Published: March 2, 2021
Add Pastrami Spice to dry skillet and toast over medium heat until fragrant. Remove from heat, and finely crush using mortar and pestle. Spread spice mixture in shallow dish and roll in beets to coat.
Heat oven to 350˚F. Lay sheet of foil flat, and add beets, bay leaves and any remaining spices. Fold edges of foil to create packet around beets. Cover with second sheet of foil and seal tightly.
Place packet on sheet tray and roast until beets are very soft, 2–3 hours. Remove from oven and cool completely, then use mandolin or sharp knife to slice very thin.
Heat broiler to high and toast sourdough bread to desired doneness. Remove from heat, and spread each slice immediately with Balsamic Mayo. Divide chèvre between 4 bread slices. Divide arugula among cheese-covered slices, then cover each with two layers of sliced beets. Top with remaining bread slices. Makes 4 sandwiches.

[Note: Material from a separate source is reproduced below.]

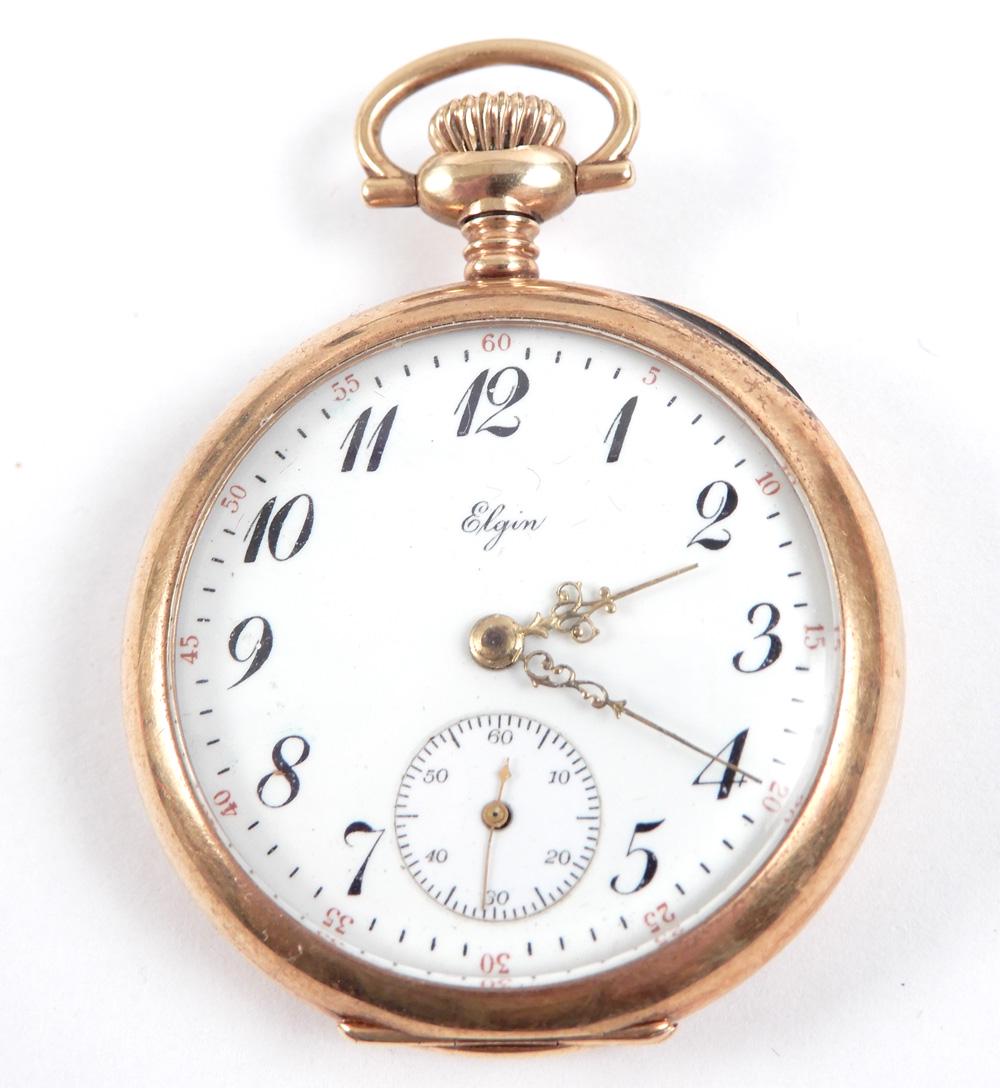 Lady's 14k gold case pocket watch (1 of 3)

In small bowl, mix 1 tablespoon each caraway seeds, black peppercorns, pink peppercorns, smoked paprika, crushed red pepper, allspice berries and sea salt until well incorporated.
In small pot, bring ¼ cup balsamic vinegar to a low boil. Cook until vinegar has reduced by half and has become a thick syrup. Remove from heat and cool completely. Stir into ¾ cups mayonnaise, and mix well to combine.
Made from Sicilian Grillo, Alessandro Viola 2019 Note di Bianco (Terre Siciliane) has a zesty, dynamic texture that balances the multiple components at work here. “Honeyed apricot, pear and herbal notes play really well off the goat cheese,” says Adelia Sugarman, wine buyer at Pōst. “Generous acidity also helps it stand up to the sweetness of the balsamic glaze and the spices of the beets… You’ll want to reach for a sip in between every bite.”
Look for a bright, carbonically macerated wine with crisp, tart berry fruits and some good structure. It will help level the creamy goat cheese and play nicely with the sweeter sides of both the balsamic mayo and the beets without being bullied by any of the earthy characters at play. A Beaujolais Nouveau could fit the bill fine, but plenty others are out there. Try Wild Arc Farm’s 2019 Carbonic Marquette, Two Shepherds’ 2019 Wiley Carbonic Carignan or Broc Cellars’ 2018 Broc Valdiguié.